Chaarat, the AIM–quoted exploration and development company incorporated in the British Virgin Islands, announced that it has reassessed its borrowing needs and is reducing its current convertible debt placement from US$100 million to US$50 million. The reduction significantly reduces dilution for existing shareholders. It has been prompted by positive developments surrounding company’s proposed acquisition of polymetallic asset and accelerated project funding arrangements.
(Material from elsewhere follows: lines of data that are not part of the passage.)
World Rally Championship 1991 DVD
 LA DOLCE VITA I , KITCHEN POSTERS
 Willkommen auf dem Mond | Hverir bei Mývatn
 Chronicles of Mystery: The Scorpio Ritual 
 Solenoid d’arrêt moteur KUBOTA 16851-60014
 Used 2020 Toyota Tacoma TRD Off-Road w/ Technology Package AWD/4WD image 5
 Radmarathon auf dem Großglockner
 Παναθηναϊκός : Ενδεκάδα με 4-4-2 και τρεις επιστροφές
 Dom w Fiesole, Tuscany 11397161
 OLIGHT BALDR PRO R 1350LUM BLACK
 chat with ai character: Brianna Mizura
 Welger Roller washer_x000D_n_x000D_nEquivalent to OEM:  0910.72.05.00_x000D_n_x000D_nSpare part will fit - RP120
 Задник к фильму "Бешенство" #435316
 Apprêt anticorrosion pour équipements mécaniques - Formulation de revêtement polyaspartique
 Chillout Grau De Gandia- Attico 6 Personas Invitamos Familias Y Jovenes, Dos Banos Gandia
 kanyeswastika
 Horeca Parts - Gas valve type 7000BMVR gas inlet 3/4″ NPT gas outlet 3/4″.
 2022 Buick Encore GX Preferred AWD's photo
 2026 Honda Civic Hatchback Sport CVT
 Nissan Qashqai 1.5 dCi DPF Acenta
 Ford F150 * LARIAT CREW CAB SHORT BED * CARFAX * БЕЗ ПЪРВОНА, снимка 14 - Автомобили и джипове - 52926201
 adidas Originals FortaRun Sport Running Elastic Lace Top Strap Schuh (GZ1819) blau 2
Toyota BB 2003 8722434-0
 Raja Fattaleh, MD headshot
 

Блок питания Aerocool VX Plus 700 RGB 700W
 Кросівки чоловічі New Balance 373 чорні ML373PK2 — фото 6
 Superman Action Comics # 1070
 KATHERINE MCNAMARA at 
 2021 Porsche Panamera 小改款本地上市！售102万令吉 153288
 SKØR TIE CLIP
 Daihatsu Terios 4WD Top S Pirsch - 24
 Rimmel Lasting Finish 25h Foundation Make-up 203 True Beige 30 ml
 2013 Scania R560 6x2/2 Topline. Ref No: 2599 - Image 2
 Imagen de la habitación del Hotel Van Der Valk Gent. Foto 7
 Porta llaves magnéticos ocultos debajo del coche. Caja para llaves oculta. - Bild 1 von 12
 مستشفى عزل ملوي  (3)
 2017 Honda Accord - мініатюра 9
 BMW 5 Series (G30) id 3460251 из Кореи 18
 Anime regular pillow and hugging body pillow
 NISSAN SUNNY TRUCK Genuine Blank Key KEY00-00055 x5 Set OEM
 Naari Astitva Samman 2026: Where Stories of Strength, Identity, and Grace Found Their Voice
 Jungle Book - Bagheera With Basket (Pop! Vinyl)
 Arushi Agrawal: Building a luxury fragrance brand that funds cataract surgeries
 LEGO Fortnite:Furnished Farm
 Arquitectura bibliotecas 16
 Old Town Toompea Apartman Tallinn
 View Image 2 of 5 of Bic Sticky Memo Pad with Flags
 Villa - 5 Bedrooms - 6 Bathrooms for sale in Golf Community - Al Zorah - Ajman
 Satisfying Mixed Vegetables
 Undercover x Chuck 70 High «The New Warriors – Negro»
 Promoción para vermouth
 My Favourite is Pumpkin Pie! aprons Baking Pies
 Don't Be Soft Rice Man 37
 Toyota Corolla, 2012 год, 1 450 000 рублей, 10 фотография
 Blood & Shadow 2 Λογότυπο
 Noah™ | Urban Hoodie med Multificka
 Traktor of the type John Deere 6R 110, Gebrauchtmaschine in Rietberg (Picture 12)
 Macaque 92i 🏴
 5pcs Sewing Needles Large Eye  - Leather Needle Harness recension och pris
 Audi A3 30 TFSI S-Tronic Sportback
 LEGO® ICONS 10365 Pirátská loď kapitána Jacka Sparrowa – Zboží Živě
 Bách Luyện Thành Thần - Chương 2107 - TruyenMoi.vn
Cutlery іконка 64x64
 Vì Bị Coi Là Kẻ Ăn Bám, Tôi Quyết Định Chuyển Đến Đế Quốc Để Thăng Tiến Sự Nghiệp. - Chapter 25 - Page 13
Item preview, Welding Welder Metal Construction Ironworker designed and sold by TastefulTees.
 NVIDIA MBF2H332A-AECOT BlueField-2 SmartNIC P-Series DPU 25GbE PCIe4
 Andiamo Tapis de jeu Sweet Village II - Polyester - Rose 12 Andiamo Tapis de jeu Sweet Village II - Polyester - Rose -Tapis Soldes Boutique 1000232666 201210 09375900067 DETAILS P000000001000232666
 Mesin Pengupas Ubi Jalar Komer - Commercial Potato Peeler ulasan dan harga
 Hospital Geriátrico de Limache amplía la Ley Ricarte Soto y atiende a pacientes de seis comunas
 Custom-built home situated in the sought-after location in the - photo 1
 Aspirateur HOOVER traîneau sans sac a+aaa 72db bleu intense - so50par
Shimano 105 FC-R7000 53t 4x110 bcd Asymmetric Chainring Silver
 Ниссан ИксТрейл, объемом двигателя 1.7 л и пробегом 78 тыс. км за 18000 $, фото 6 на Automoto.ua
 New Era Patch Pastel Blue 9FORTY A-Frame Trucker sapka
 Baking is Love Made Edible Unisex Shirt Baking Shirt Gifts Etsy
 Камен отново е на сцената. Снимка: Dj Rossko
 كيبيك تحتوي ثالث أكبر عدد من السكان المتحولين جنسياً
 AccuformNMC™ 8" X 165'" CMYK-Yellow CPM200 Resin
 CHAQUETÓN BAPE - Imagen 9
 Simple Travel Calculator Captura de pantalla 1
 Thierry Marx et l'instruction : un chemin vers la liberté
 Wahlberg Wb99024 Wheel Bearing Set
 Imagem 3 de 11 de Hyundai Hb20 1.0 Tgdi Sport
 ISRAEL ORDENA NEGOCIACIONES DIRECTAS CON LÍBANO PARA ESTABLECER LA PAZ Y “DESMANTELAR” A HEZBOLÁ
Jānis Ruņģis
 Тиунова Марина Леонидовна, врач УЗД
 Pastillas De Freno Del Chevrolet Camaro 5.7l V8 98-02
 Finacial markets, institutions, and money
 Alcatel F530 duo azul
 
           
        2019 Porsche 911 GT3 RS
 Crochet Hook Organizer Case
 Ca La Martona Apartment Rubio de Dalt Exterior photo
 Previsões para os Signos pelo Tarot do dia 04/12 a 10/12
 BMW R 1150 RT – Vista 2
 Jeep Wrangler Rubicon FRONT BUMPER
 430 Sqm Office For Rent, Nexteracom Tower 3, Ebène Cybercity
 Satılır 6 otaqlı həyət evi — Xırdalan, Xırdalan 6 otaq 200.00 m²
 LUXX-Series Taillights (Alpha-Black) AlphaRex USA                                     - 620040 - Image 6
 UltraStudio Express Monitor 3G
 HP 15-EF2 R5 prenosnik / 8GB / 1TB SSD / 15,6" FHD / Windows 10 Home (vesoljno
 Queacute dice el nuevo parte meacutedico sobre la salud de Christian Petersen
Also, the BVI company has completed the first phase of its fundraising, receiving commitments for approximately US$17.6m from new and existing customers. The company is now targeting commitments for up to US$50 million, and plans to raise the remaining US$32.4 million as soon as possible. The second phase of the fundraise, as announced on 28 August 2018, is ongoing and is expected to close by the end of September/early October 2018. Following positive feedback from potential investors, Chaarat will amend the terms of the up to US$100 million Convertible Notes. Upon closing of phase two of the fundraise, Chaarat will apply for a listing of the 2021 Notes, anticipated to be on the Frankfurt Open Market.
Harneys, one of the oldest law firms having offices in the British Virgin Islands and other jurisdictions, acted as a Cypriot counsel to the mandated lead arrangers including National Westminster Bank PLC, Santander UK PLC, UBS Limited and Unicredit Bank AG, in relation to the financing given to Playtech Plc, approximately in the amount of €1.3 billion.
Playtech is the world’s largest online gaming software supplier traded on the London Stock Exchange and registered in the British Virgin Islands, offering cutting-edge solutions to the leading operators working in the industry.
Sea exploration company Nautilus Minerals Inc. entered into a Funding Mandate Agreement with Deep Sea Mining Finance Ltd, a newly incorporated private company in the British Virgin Islands. According to the agreement, the international expertise and financial relationships of two major shareholders of Nautilus Minerals will be used to assist in advancing the development of Solwara 1, the company’s copper-gold project under development.
The BVI company is intended to be 50 per cent owned by USM Finance Ltd, a wholly-owned subsidiary of USM Holdings Ltd, an affiliate of Metalloinvest Holding (Cyprus) Limited , and 50 per cent owned by Mawarid Offshore Mining Ltd., a wholly-owned subsidiary of MB Holding Company LLC.
Deep Sea Mining Finance has been appointed as the exclusive financial advisor of Nautilus, in respect of US$350 million financing needed to complete the development of the Solwara 1 Project. The exclusive right of the BVI-incorporated company may be terminated, however, if it fails to arrange binding commitments in respect of financings of at least US$50,000,000 by December 4, 2017 (Interim Financing). Nautilus will pay to DSMF an initial retainer fee of US$75,000, and an additional fee of US$30,000. Also, it will pay US$350,000 as reimbursement for costs and expenses of DSMF incurred in connection with the Interim Financing.
The agreement will remain in effect until the earlier of January 1, 2019. It is subject to receipt of all necessary approvals from the TSX.